I Have A Ibm Thnkpad T20 And On Bootup It Automatically Goes Straight To The Error 0175 Bad Crc1 Ive Tried Flashing The Bios With A Floppy But Cant Becuase It Wont Boot To The Bios It Only Locks Up? Is There A Way To Fx This Problem Without Replaceing The Motherboard? And What Is The Eeprom? Ive Been Tryin To Find An Alternative To Replacement Becuase Its Not Worth That Much To Me But Any Help Would Be Greatly Appreciated Thanks


----------



## mattlock (Dec 28, 2005)

Hello and Welcome to TSF. 
This appears to be a common problem with T20/T21. It's a bad EEPROM or a bad M/B. IBMs resolution is to replace the board.

http://www-307.ibm.com/pc/support/site.wss/document.do?lndocid=MIGR-4PEN8X

Also found this link with some tests you can do to find out if it's the board or the EEPROM. Either way it's not a simple fix.
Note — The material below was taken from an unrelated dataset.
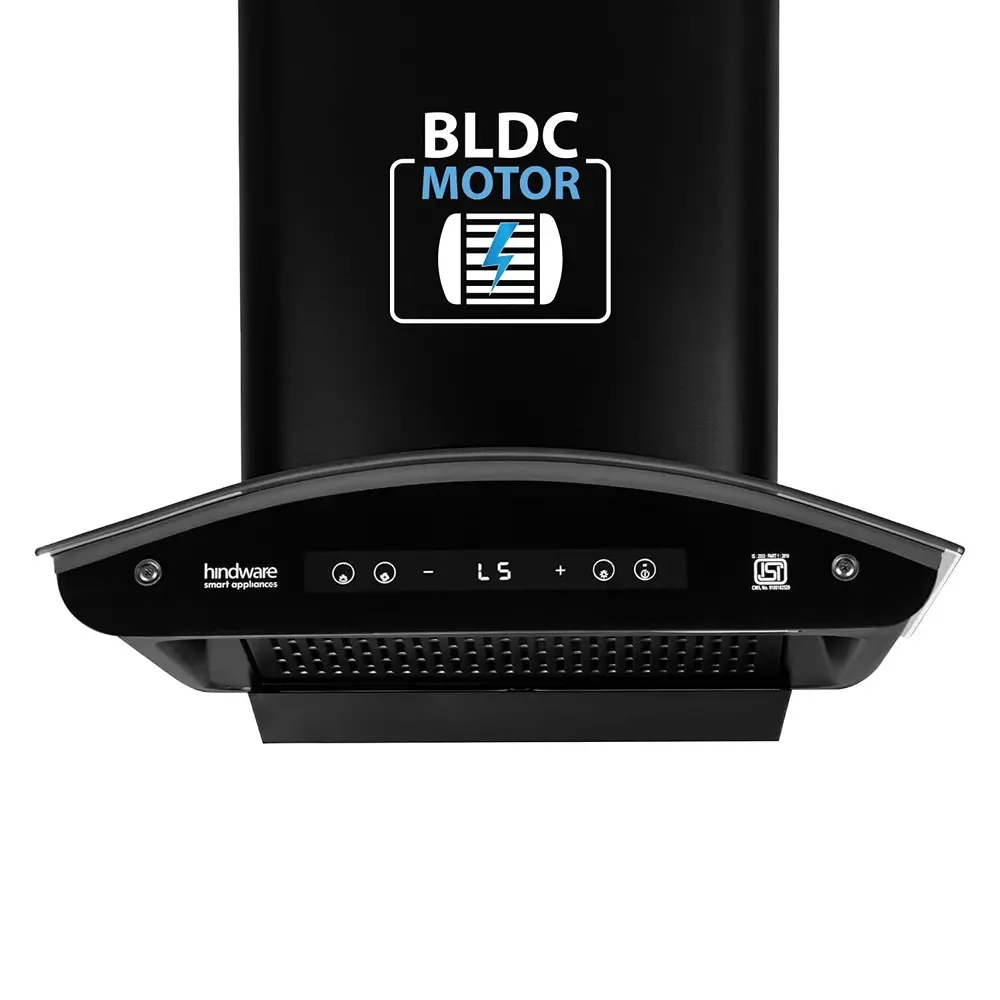 Hindware Alexio Plus Chimney 75 cm Size 1450 m³/hr Suction Capacity Black, 527186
http://www.hardwareanalysis.com/content/topic/31761/ There is an offer for repairing the EEPROM in the this link. My posting the link is purely for informational purposes. Please do not consider it an endorsement of any kind. 
Matt


----------



## zjohnsonis (Apr 17, 2007)

i read the post an i guess i need a crc recovery can i do this from home or does anyone kno how i can do it myself? Without having to pay 159$ and send my notebook in i already took it apart and removed the motherboard tried flashig with new bios but wont boot to any devices any help wold be nice thanks


----------



## mattlock (Dec 28, 2005)

Ok I've done some more digging on your problem and have a couple of options for you.
1) You could purchase a motherboard from Ebay. I looked there kind of quickly and found 30+ boards (most with CPU included) for $50-$115 + S&H.
2) I found a site that will sell you the repair file and instructions for $45. It involves building an interface device and soldering it to the EEPROM. If interest in this method checkout the links below.

http://www.ja.axxs.net/unlock/

If you don't want to build the device yourself this site sells them. Price unknown. Check out sites "How To" 
http://www.passwordmethod.com/index1.php

Regardless of what you decide, please keep me informed of your progress.

BTW, did you try the tests suggested in the first link I posted to find out if CRC recovery was a viable option? 

Matt


----------